= PROBLEM REQUIREMENTS =
Pictures excluded, output the lines of the data below between the one holding "Natural Wool Pad" and the one holding "Capa do artigo", inclusive, exactly as they stand.
++++ INFORMATION SUPPLIED ++++
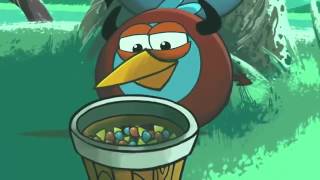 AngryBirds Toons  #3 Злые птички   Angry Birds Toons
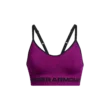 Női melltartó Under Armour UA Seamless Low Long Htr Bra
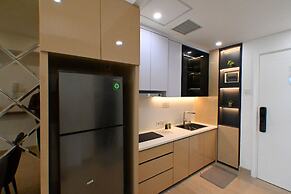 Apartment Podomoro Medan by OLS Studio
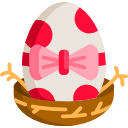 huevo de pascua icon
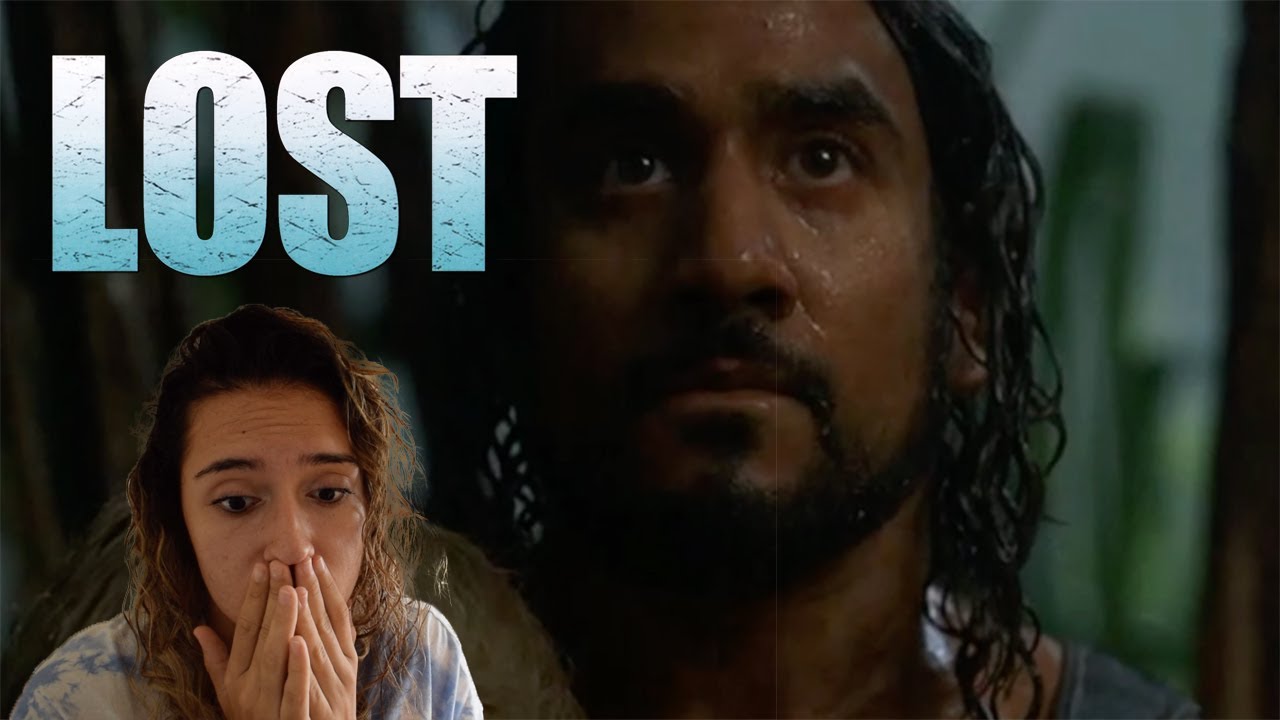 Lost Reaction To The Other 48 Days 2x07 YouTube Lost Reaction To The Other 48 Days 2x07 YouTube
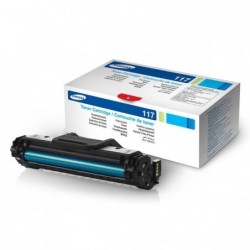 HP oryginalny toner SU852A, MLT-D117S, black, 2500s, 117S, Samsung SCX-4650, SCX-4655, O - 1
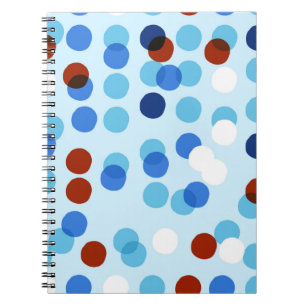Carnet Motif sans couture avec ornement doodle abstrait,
++++
++++ INFORMATION SUPPLIED ++++
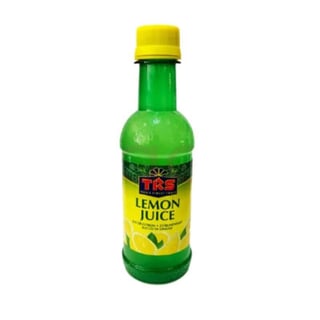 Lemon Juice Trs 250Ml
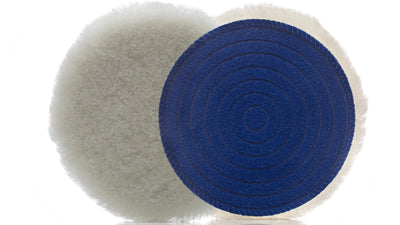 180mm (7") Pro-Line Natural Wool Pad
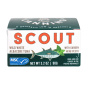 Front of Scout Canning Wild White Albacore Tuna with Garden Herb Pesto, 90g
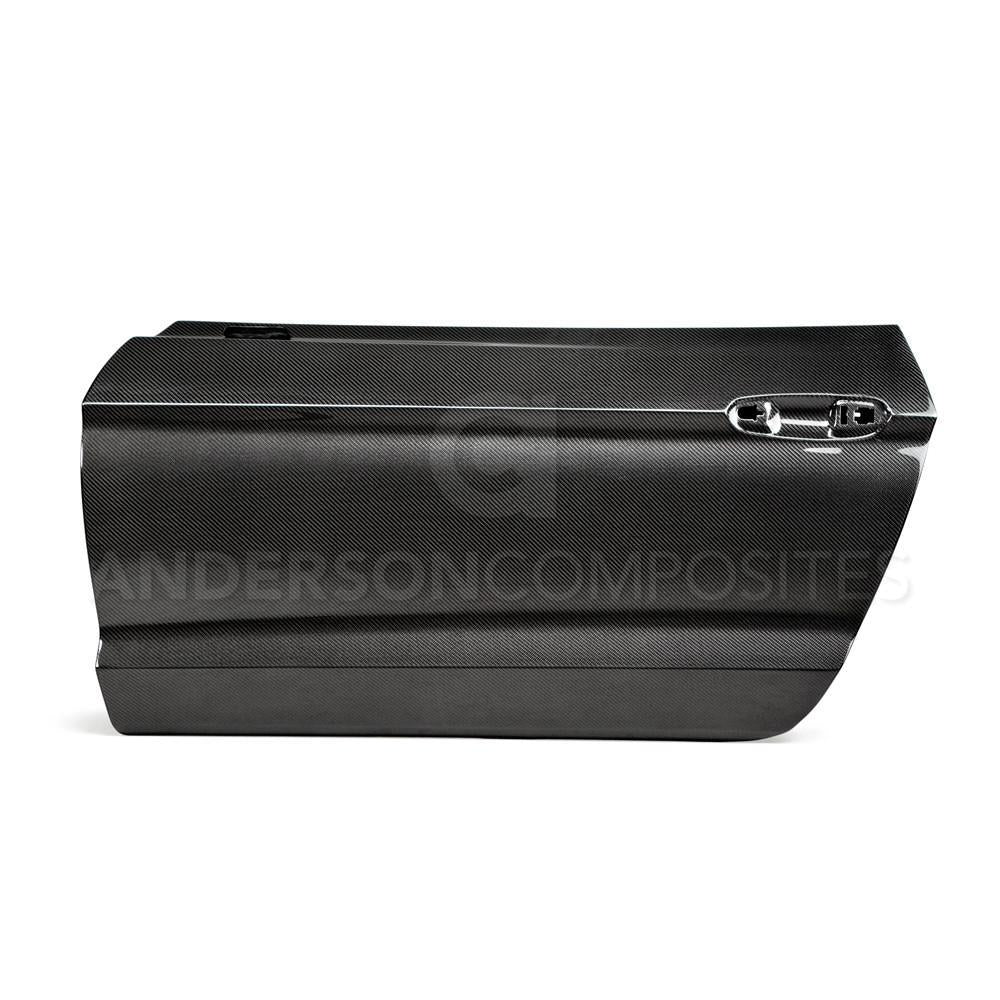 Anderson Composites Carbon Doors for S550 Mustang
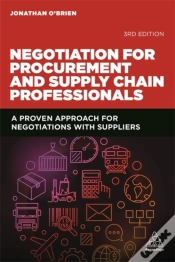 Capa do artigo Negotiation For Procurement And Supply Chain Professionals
++++
= ANSWER TO THIS EXERCISE =
 180mm (7") Pro-Line Natural Wool Pad
 Front of Scout Canning Wild White Albacore Tuna with Garden Herb Pesto, 90g
 Anderson Composites Carbon Doors for S550 Mustang
 Capa do artigo Negotiation For Procurement And Supply Chain Professionals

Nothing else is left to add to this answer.